The four countries want the International Court of Justice to rule that Iran illegally shot down the Ukraine International Airlines plane and to order Tehran to apologize and pay compensation to the families of the victims.
Flight PS752 was traveling from Tehran to Kyiv on Jan. 8, 2020 when it was shot down soon after takeoff. The people killed included nationals and residents of Canada, Sweden, Ukraine and the United Kingdom, as well as Afghanistan and Iran. Their ages ranged from 1 year to 74 years old.
"Today's legal action reflects our unwavering commitment to achieving transparency, justice and accountability for the families of the victim," the countries said in a joint statement Wednesday. They said they filed the case after Iran failed to respond to a December request for arbitration.
Following three days of denials in In January 2020, Iran said its paramilitary Revolutionary Guard mistakenly downed the Ukrainian plane with two surface-to-air missiles. Iranian authorities blamed an air defense operator who they said mistook the Boeing 737-800 for an American cruise missile.
An Iranian court this year sentenced an air defense commander allegedly responsible for the downing to 13 years imprisonment, according to the country's official judiciary news outlet.
But the countries that filed the case with the world court in The Hague called the prosecution "a sham and opaque trial."
According to the court filing published Wednesday, the U.K., Canada, Sweden and Ukraine argue that Iran "failed to take all practicable measures to prevent the unlawful and intentional commission of an offense" and "failed to conduct an impartial, transparent, and fair criminal investigation and prosecution consistent with international law."
The filing alleges that Iran withheld or destroyed evidence, blamed other countries and low level Revolutionary Guard personnel, "threatened and harassed the families of the victims seeking justice" and failed to report details of the incident to the International Civil Aviation Organization.

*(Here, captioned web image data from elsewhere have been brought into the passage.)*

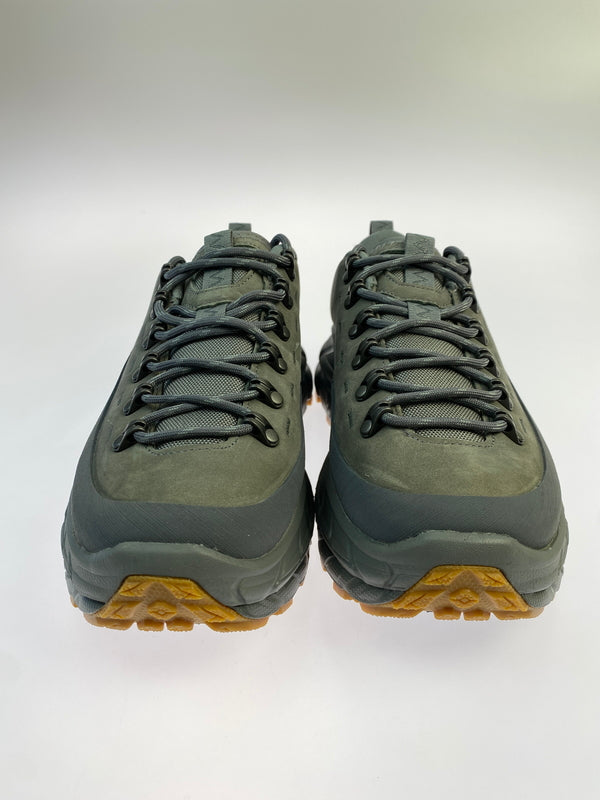 【中古品】【メンズ/レディース】 HOKA HOKA ONE ホカ オネオネ U TOR SUMMIT 1147952 トー サミット ユニセックス 男女兼用 スニーカー 靴 シューズ 162-260809-em-40-min サイズ：26.5cm カラー：グレー 万代Net店
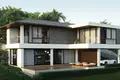 3-Schlafzimmer-Villa 300 m² Ko Samui, Thailand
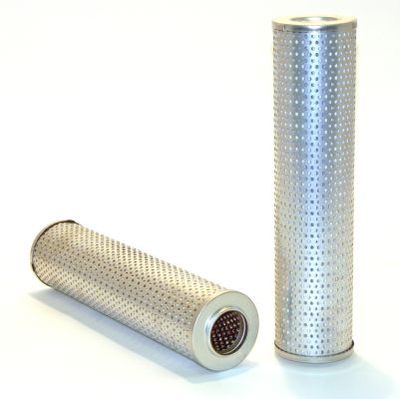 Hydraulisch filter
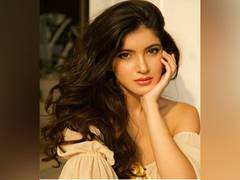 
      
      Judgements are an inevitable part of the work: Shanaya Kapoor...
      
      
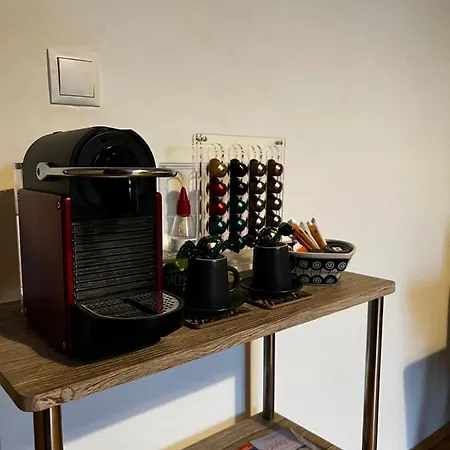 Center Apartment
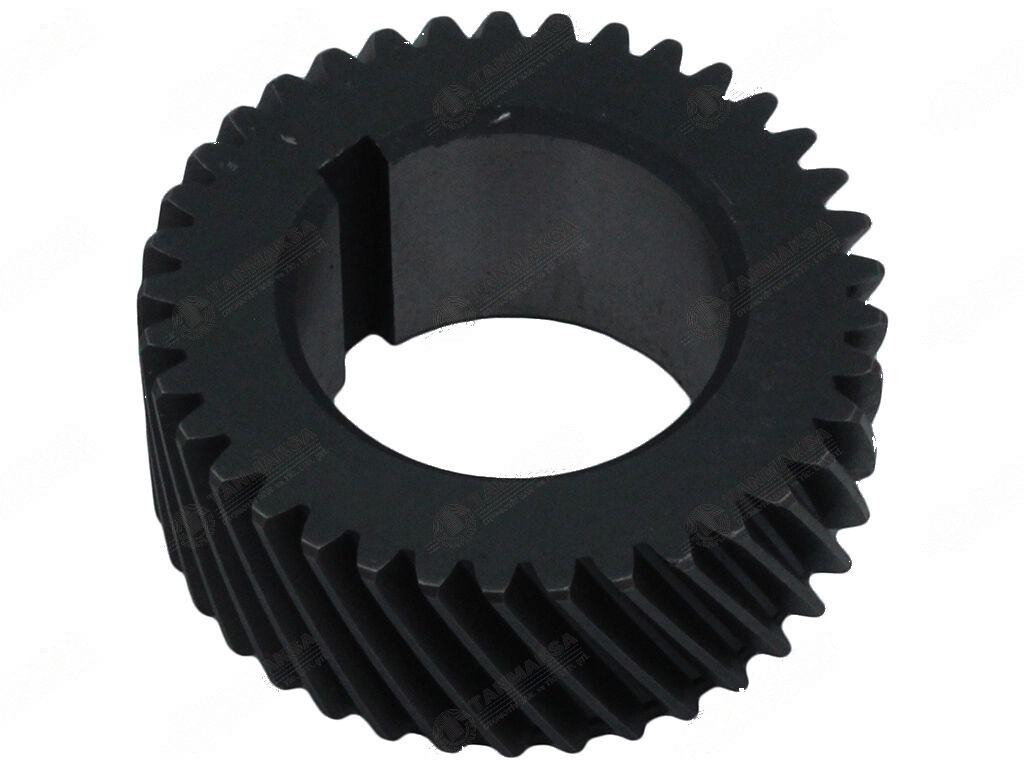 Fiat 411-415 Krukas Tandwiel 2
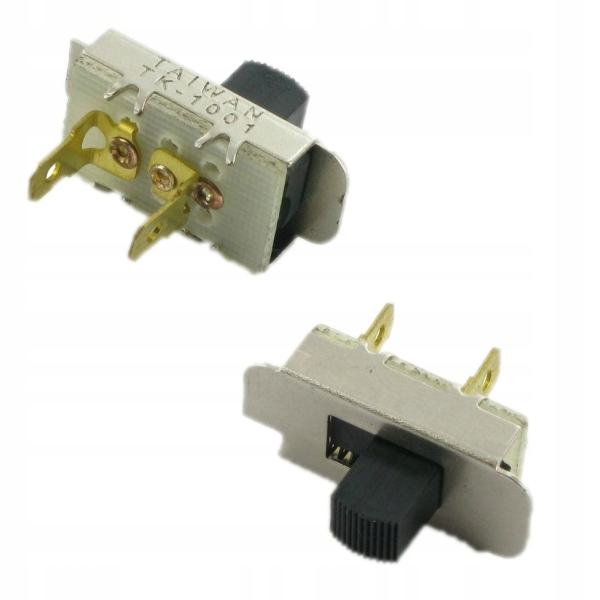 Spínač, vypínač - Makita LS0714F- Vertor nr.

The downing happened on the same day Iran launched a ballistic missile attack on U.S. troops in Iraq in retaliation for an American drone strike that killed a top Iranian general.
Last week, Iran filed a case against Canada linked to the downing, accusing the North American nation of flouting state immunity in allowing relatives of terrorism victims to seek reparations from the Islamic Republic.